There are multiple injuries that you could succumb to in the extreme cold. However, I’ll cover the two most common cold-weather injuries that present themselves more often than others to people that are exposed to colder environments.
Take these two very seriously, as they both can happen in as little as 10 minutes of exposure. Death can come very swiftly to anyone who doesn’t respect the fragile aspects of cold weather, so knowing the signs and symptoms of these injuries can help save your life.
While most warmer weather injuries are minor and go away quickly, cold weather injuries are more likely to last a long time. One of the more serious warm weather injuries is heat stroke.
Having a heat stroke is lethal, and has a high risk of long-lasting brain damage if you manage to survive a serious one. While you can’t have a cold stroke, there’s a very similar injury on the other side of the spectrum. Hypothermia is the leading cause of death with cold weather, making it a very important subject to learn about as a prepper.
This is a very serious cold weather injury that we will go over in-depth, because (I cannot stress this enough) knowledge is power when it comes to prepping. Hypothermia is when your body’s core temperature drops below normal levels. An average person’s core temperature is 98.6-degrees Fahrenheit, while a hypothermic core temperature is usually below 95-degrees Fahrenheit.
A hypothermic core temperature can even drop to as low as 82-degrees Fahrenheit before you reach the “point of no return”. This term is coined when in discussion of a person’s long-term mental and physical health. The most susceptible people for hypothermia are infants, and elderly adults.
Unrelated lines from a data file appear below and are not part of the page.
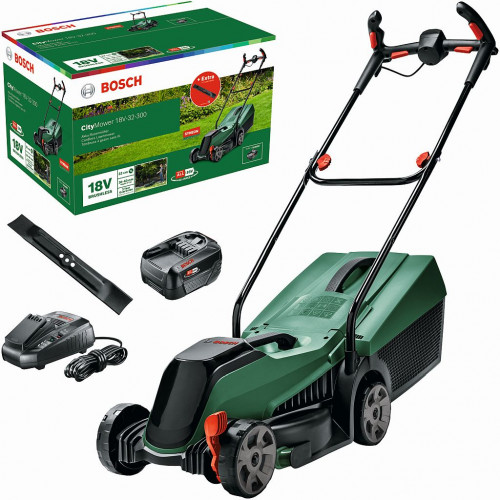 BOSCH CityMower 18V-32-300 Tondeuse a gazon sans fil 06008B9A09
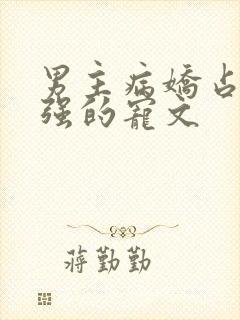 男主病娇占有欲强的宠文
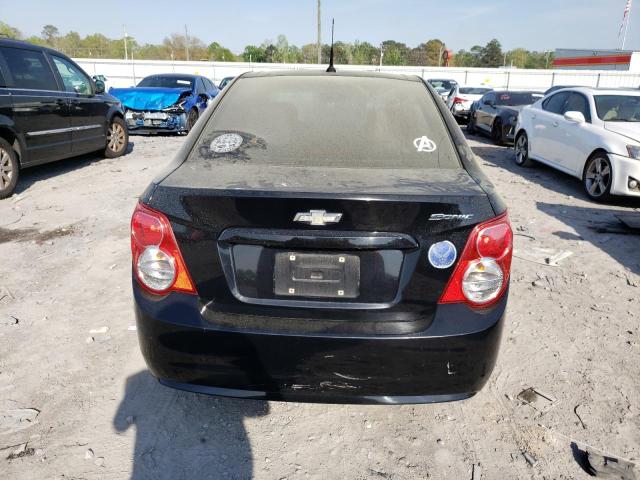 1G1JA5SH3C4153186 - 2012 CHEVROLET SONIC LS 黑色 照片 6
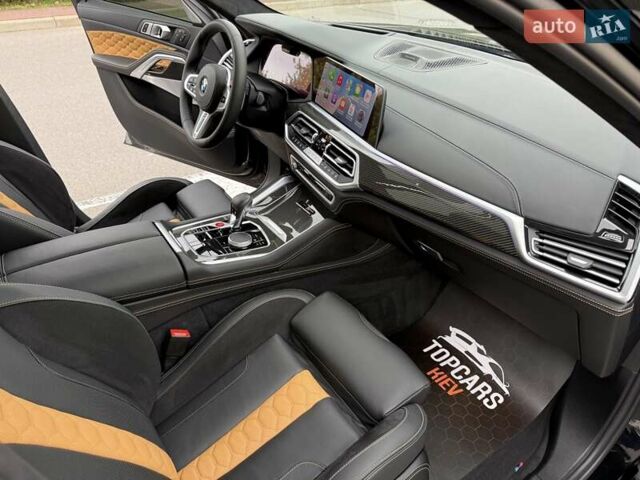 Черный БМВ Х6 М, объемом двигателя 4.39 л и пробегом 19 тыс. км за 119800 $, фото 46 на Automoto.ua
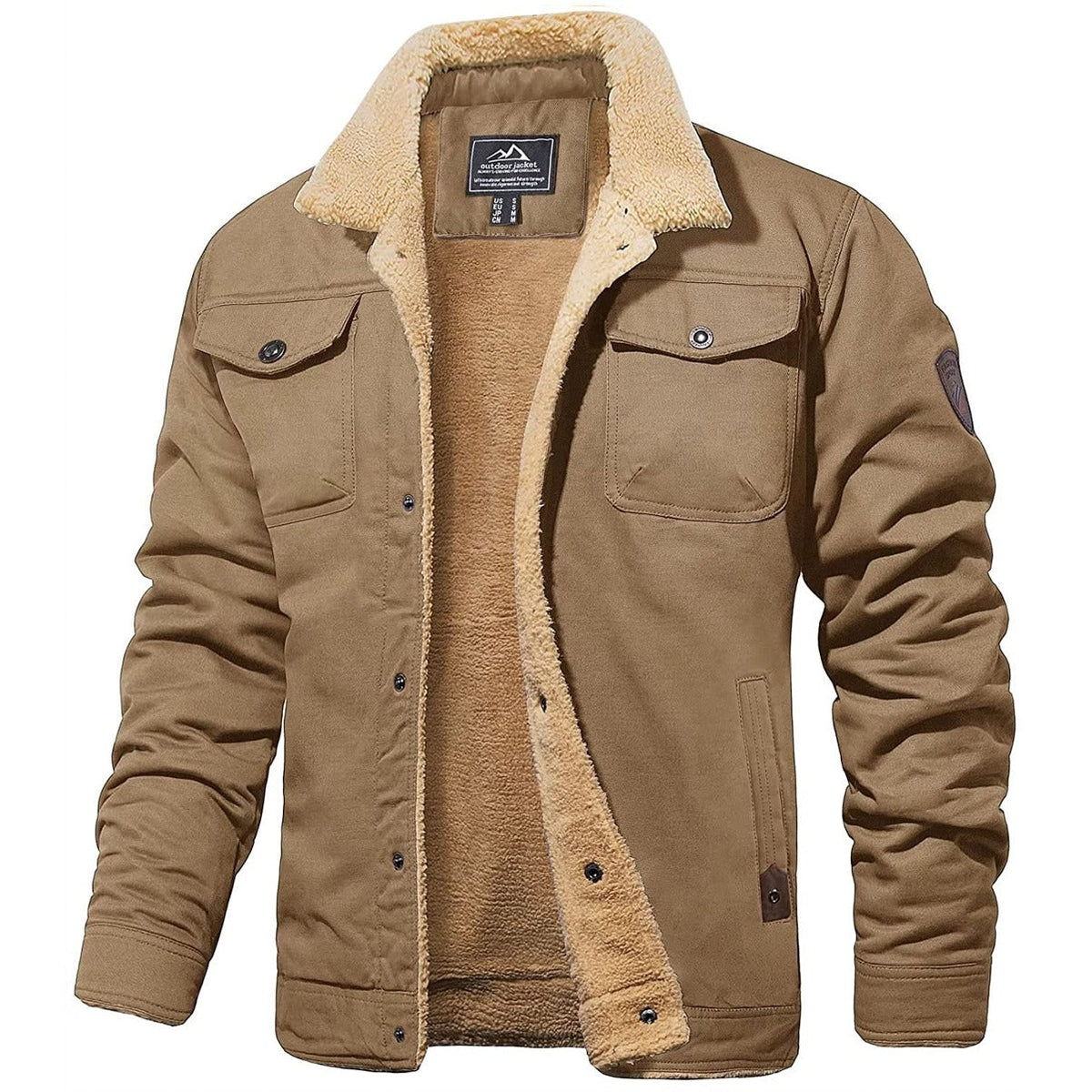 Bomber caqui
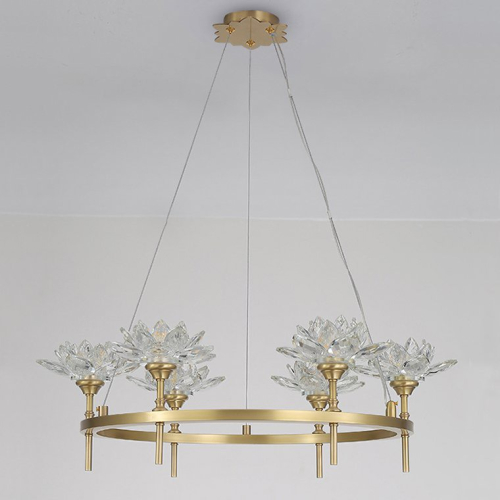 Подвесная люстра ImperiumLoft Lotos 203933-26 изображение в интернет-магазине Cramer Light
This is due to their lack of body mass and overall health (you fat-bodies luck out when it comes to cold weather).
Most heat-loss occurs through your skin (up to 90%), while the rest occurs through your normal breathing. This means that your skin should be covered by thick (and dry) clothing when exposed to colder environments. It seems like common sense, but make sure you wear an insulated hat as well.
A simple ball cap won’t make much of a difference when it comes to retaining heat, as most heat that escapes through the skin occurs through your head when the hypothalamus (part of your brain that regulates body temperature) begins to work in overdrive.
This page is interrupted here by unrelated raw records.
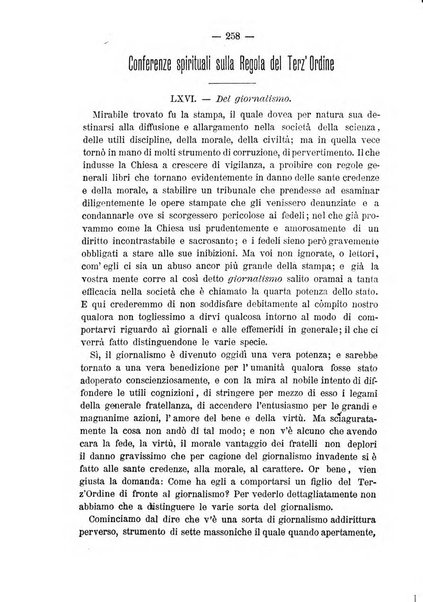 Annali francescani periodico religioso dedicato agli iscritti del Terz'ordine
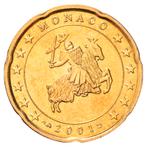 Monaco 20 Cent 2001, Verzenden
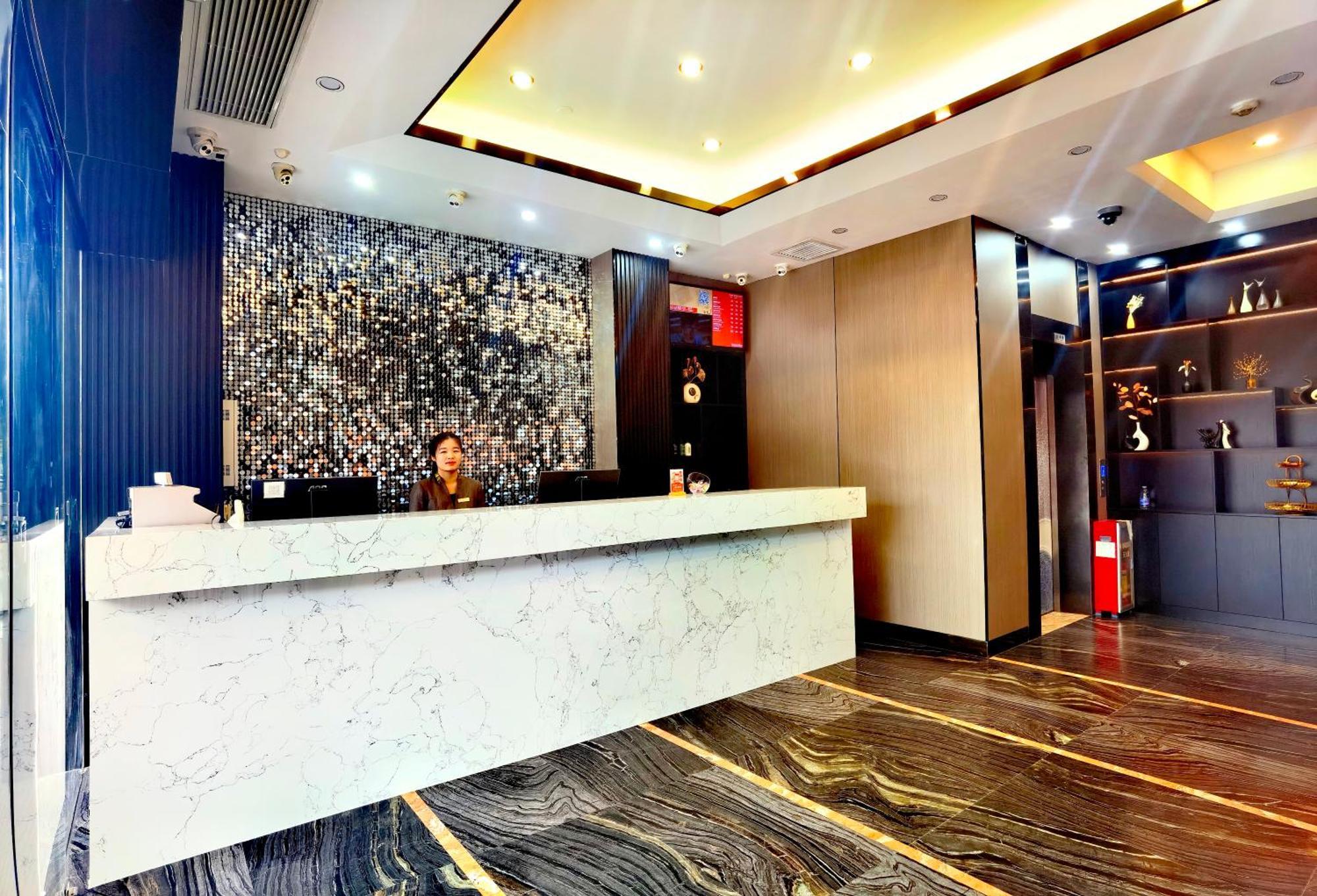 Paco Hotel Tianhe Coach Terminal Metro Satation Guangzhou-Free Shuttle Bus For Canton Fair Esterno foto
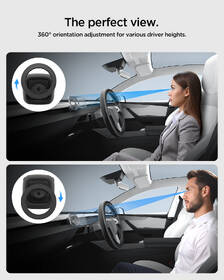 Držiak na mobil Spigen Tesla Airvent MagSafeTAM100 pro Tesla Model 3(2024)/Y(Juniper) čierny

 obrázok produktu 14 z 15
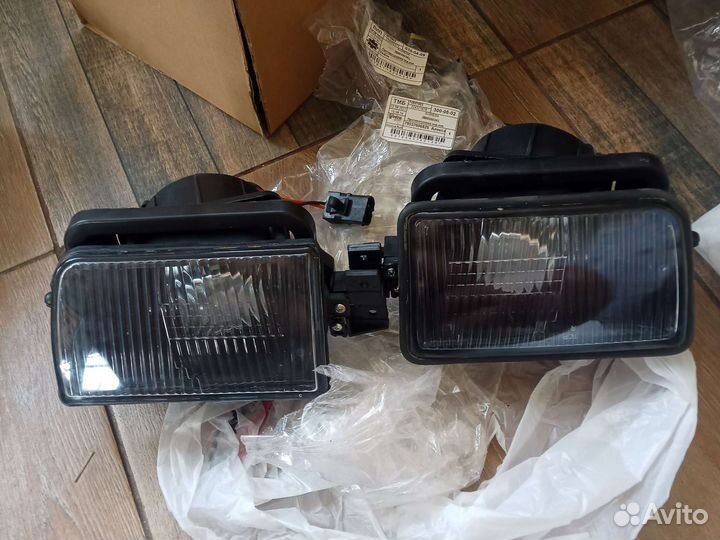 Противотуманки е34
Symptoms of hypothermia include (from the least to most serious):
- Sudden stop of shivering
- Drowsiness or exhaustion
- Shallow breathing (usually slower than normal)
- Short-term memory loss and confusion
- Inaudible speech
- Loss of coordination
- A slow weak pulse
- Unconsciousness without obvious signs of a pulse or breathing
The temperatures of hypothermia can range for each adult, but if you have a thermometer in your BOB (which I highly recommend), you can check for early signs of this deadly injury. A person with mild hypothermia will have a core temperature of 89-95 degrees Fahrenheit, while a person with moderate hypothermia will have a core temperature of 82-89 degrees Fahrenheit. If you (or the person you’re checking) has a core temperature of below 82-degrees Fahrenheit, it’s imperative that you begin treatment to warm them up before death occurs.
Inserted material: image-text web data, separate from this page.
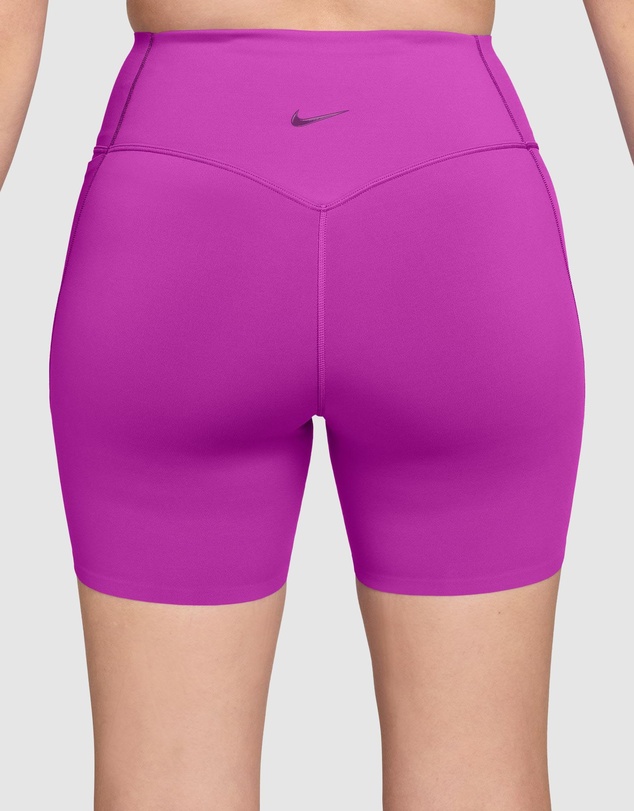 Nike - High-Waisted 5in Biker Shorts with No Front Seam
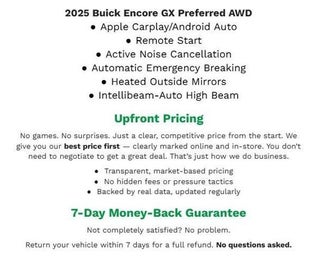 2025 Buick Encore GX AWD 4dr Preferred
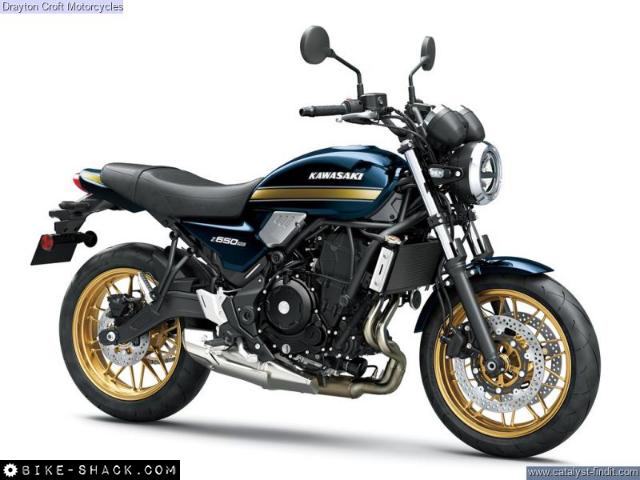 Kawasaki Z650 2026 motorcycle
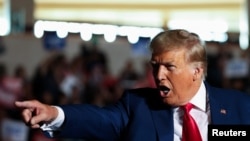 Donald Trump kampányrendezvénye Pennsylvaniában 2023. július 29-én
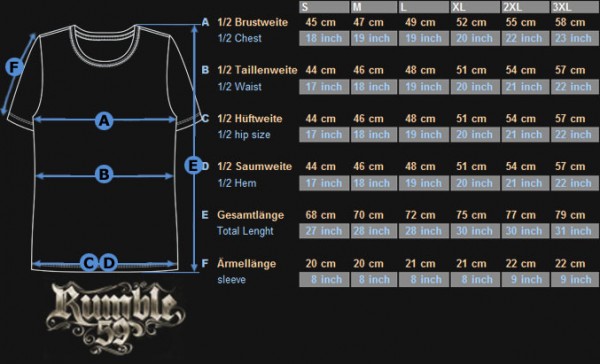 Rumble59 - Gear Head T-Shirt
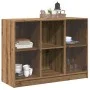 Ingenieurholz-Sideboard Eiche Artiasian 102x37x75,5 cm von , Sideboards - Ref: Foro24-3318725, Preis: 131,55 €, Rabatt: %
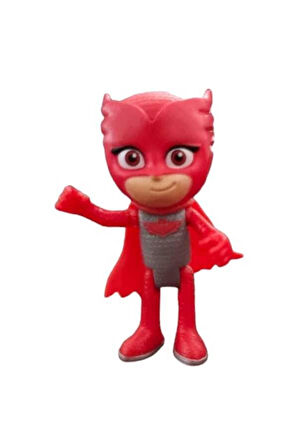 Kız Erkek Çocuk Eğlenceli Oyuncaklar Pijamaskeliler 1Adet Orjinal Baykuş Kız 9Cm Figür Oyuncak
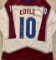 Charlie Coyle Colorado Avalanche Autographed Custom Hockey Jersey JSA coa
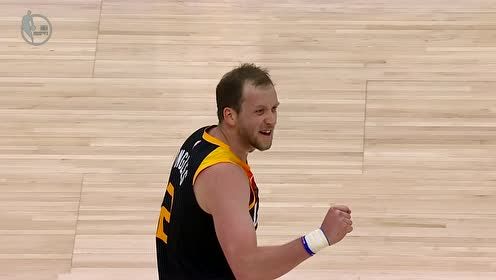 【NBA集锦】独行侠防守轮转出现大失误 博格达底角三分方圆三米没人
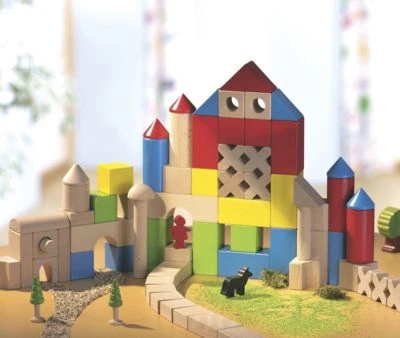 HABA 1076 Farbige Steine 4 HABA 1076 Farbige Steine – Bild 2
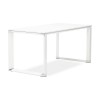 Bureau Warner Blanc L160 Bois  OT00160WH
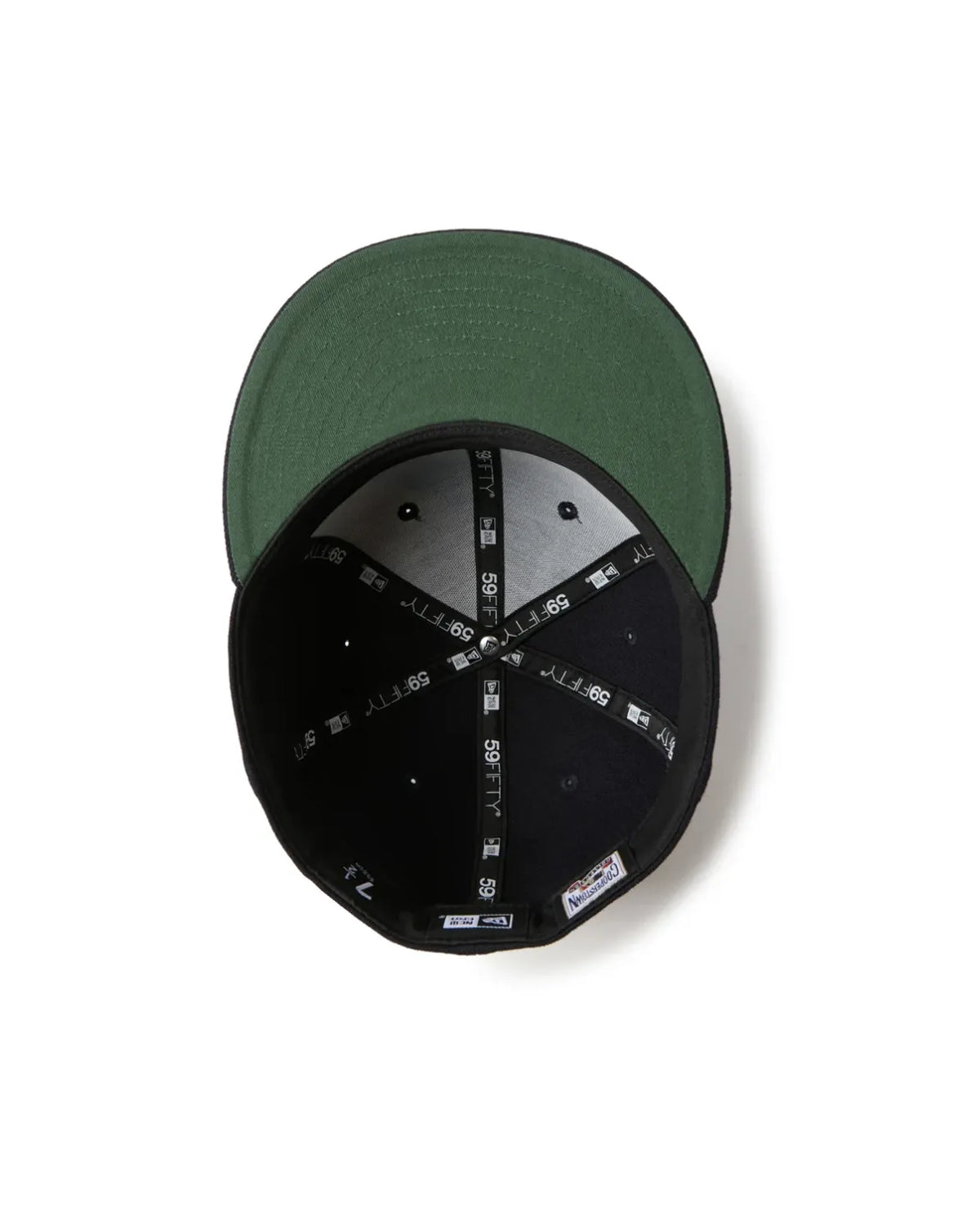NEW ERA / 59FIFTY Cooperstown ウール ニューヨーク・ヤンキース ネイビー (15137350)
Disclaimer: Just because your core temperature isn’t below 82-degrees Fahrenheit, that does not mean that you can’t die from hypothermia. Everybody’s body is different, this is just a reference. We are not doctors, it is highly recommended that you attend a course related to medical treatments such as first aid.
In order to treat hypothermia, you need to recognize their symptoms so you’re able to treat them (or yourself) accordingly. If you, or someone you know has symptoms of hypothermia, immediately remove any wet clothing that’s on their (or your) body. Then, begin rewarming them with thick, dry clothing.
Move them to a shelter (or foxhole) that is sheltered from wind, as wind can speed up hypothermia drastically. Offer them warm liquids (avoid alcohol, or caffeine) unless they’re unconscious.
If they’re unconscious with no pulse, perform CPR (cardiopulmonary resuscitation) after they’re moved to a warmer area. Don’t perform CPR if there’s still a pulse present. Sometimes when a person has severe hypothermia, their heartbeat can be very faint (making it hard to detect). Be careful, as performing CPR when a person has a heartbeat can cause severe injuries or even death.
Tip – if possible, try to limit the amount of times you urinate. Urination can lower your body temperature in cold weather slightly, but just enough to potentially lower your core temperature enough to get closer to the hypothermic range. Make sure you stay hydrated, as hydration plays a major factor in your body’s ability to remain functional in the extreme cold.
This cold weather injury is a result of body tissue that has either began to freeze, or has already been frozen. Once body tissue has begun to freeze, the blood vessels in the affected area will contract, thus reducing blood flow and oxygen to that body part. In serious cases, frostbite can require the amputation of the affected body part.
Symptoms of frostbite include:
- “Pins and needles” feeling, or numbness in the affected area
- Throbbing feeling, or extreme numbness in the affected area
- Hard, pale skin that feels cold to the touch
- Red, painful skin and muscles (more serious)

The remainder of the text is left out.